* **Input for this task**

*****

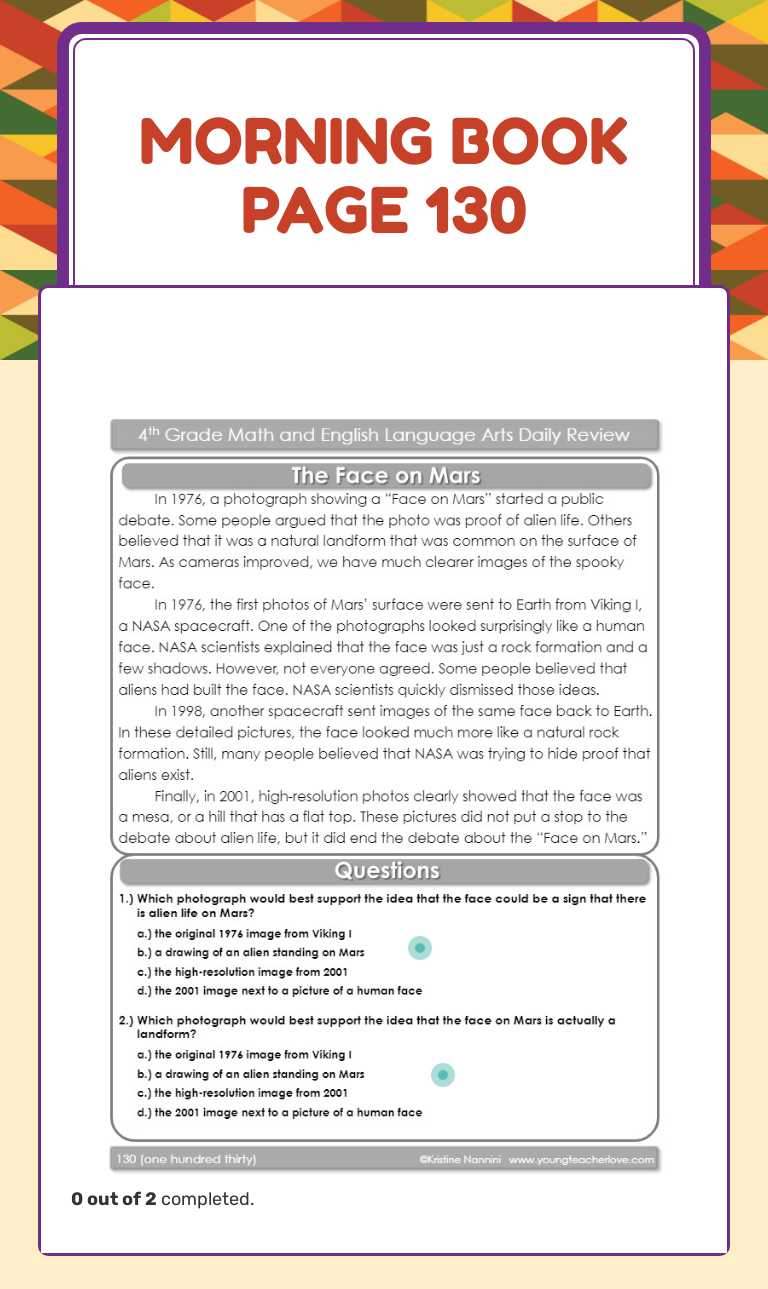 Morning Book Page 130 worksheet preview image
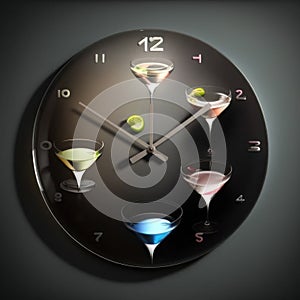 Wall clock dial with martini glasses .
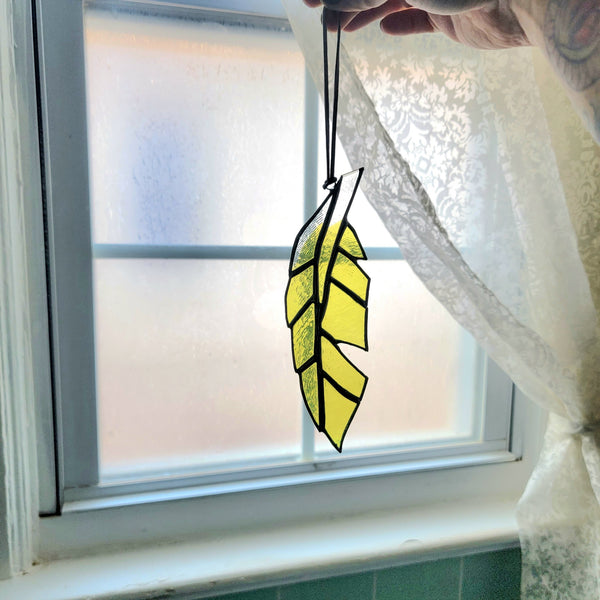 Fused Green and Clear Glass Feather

*****

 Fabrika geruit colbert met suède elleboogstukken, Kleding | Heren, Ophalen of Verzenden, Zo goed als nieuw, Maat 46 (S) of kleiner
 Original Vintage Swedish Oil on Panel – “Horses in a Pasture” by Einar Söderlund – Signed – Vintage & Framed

*****

* **Exercise brief**
Of the records above, print only the lines from the one containing "Morning Book Page" through the one containing "Fused Green and Clear Glass Feather", inclusive and unaltered, leaving out pictures.

* **Your response**
 Morning Book Page 130 worksheet preview image
 Wall clock dial with martini glasses .
 Fused Green and Clear Glass Feather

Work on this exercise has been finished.